Luego me invitó a pasar a su departamento. Cinco minutos antes yo estaba lamentándome sinceramente y a punto de volverme a casa, y ahora estaba sentado en su sofá sin tener la menor idea de cual iba a ser el próximo paso.

Creo que me ofreció algo de tomar. Seguimos besándonos un rato. Finalmente hicimos el amor. Recuerdo que ella manejó los tiempos de todo. Detesto las metáforas futboleras, más aún los nombres propios, pero cuando yo aceleraba ella ponía una pausa y daba el pase hacia atrás.

Yo seguía flotando en su nube.

Me invitó a dormir ahí, algo para lo cual yo no había venido preparado. De hecho al día siguiente tenía que ir a trabajar como todo lunes. Por supuesto que no me importó el trabajo (nunca me importó). Me quedé en su cama. Dormí poco obviamente, a la mañana temprano tomamos un café apurados, me puse la misma ropa con la que vine y me fui directo al trabajo.
Ese lunes tenía las ojeras por el suelo, pero una felicidad que ningún jefe me podía borrar de la cara.
El miércoles la invité a mi modesto monoambiente de Almagro. Pasamos la noche juntos nuevamente.
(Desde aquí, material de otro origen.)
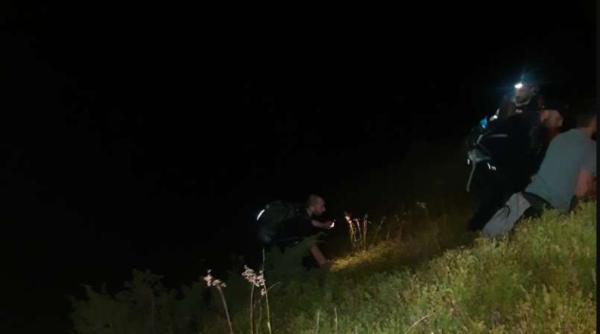 Trei ucraineni, salvați de pe munte cu ajutorul salvamontiştilor şi poliţiştilor de frontieră. Erau rătăciţi, extenuaţi, fără provizii şi apă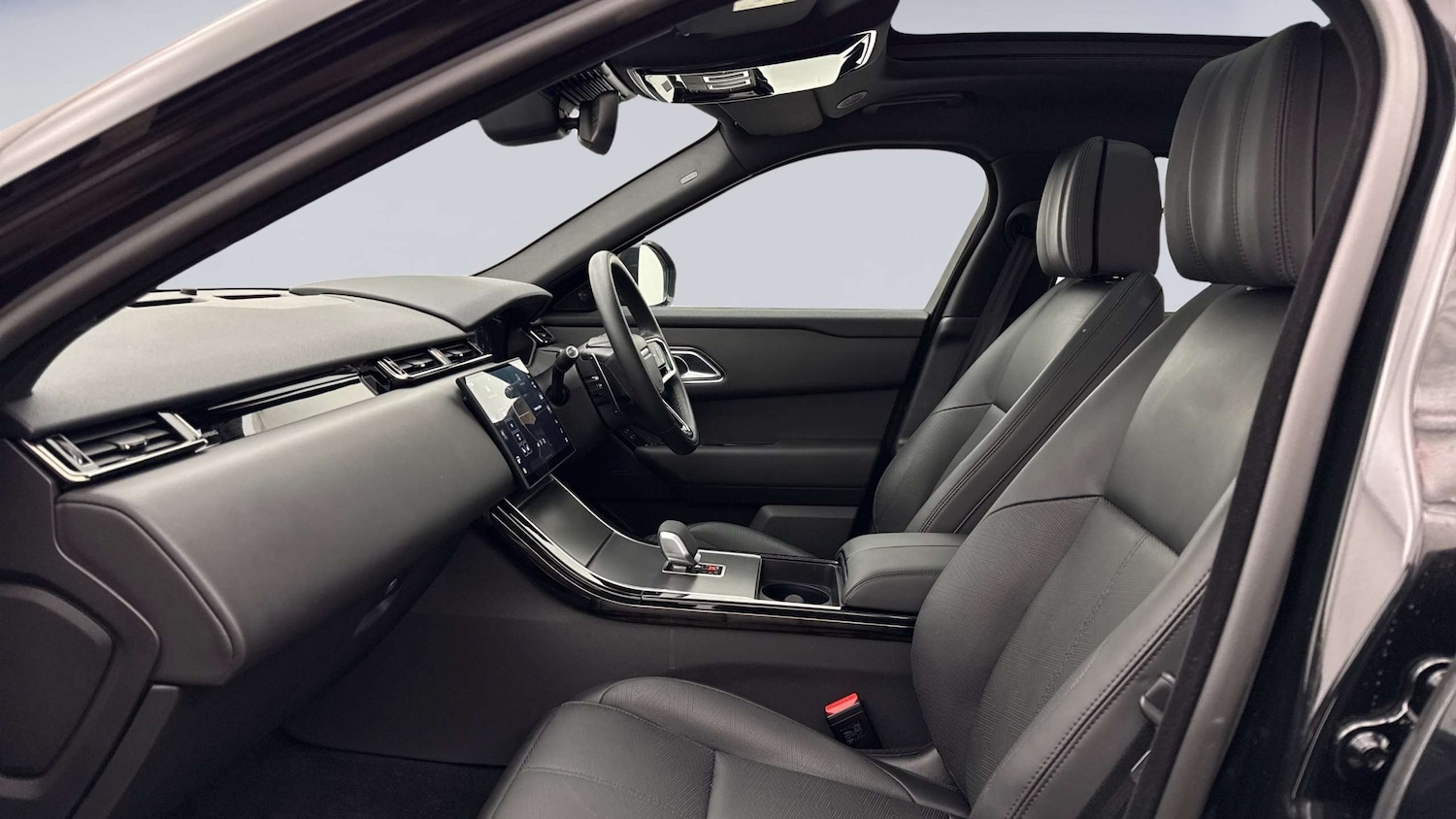 Used Land Rover Range Rover Velar 2024 for sale - 77308386: Photo 3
Yo seguía flotando en su nube.

El viernes volví a pasar la noche en su casa.
Dejamos abierta la puerta para el fin de semana, sin confirmar.
El sábado no tuve noticias de ella.
El domingo tampoco.
Creo que la llamé el domingo a la noche. Me contestó brevemente que su novio había vuelto del viaje, que ahora no podía hablar, que tenía que pensar qué quería hacer de su vida, que ella me llamaría luego.

El epílogo es una rápida pendiente en descenso con final previsible. Las pocas conversaciones telefónicas que siguieron sólo aportaron explicaciones innecesarias. Lo concreto es que ella decidió tomar distancia de su pareja y también de mí. De paso estaba por encontrarse con otro músico al que acababa de conocer, mientras decidía el rumbo de sus relaciones y analizaba empíricamente la metáfisica del amor. ¿Quién dijo que tanta sinceridad es buena para el amor?

Me bajó de su nube.

En ese momento lo sufrí, me enojé y todas esas tonterías que uno siente en estos casos. Pero en el fondo estaba agradecido: acababa de pasar una semana mágica e inolvidable, más no se podía pedir.

Ésa era Laura: un personaje mágico, casi de ficción, sin relación con la realidad. Ni siquiera la suya propia.
Me costó demasiados meses olvidarla. Debería haber estado preparado para entender ese final anunciado. En mi lógica estaba preparado, pero cuando uno es protagonista del cuento toda la lógica se va al carajo.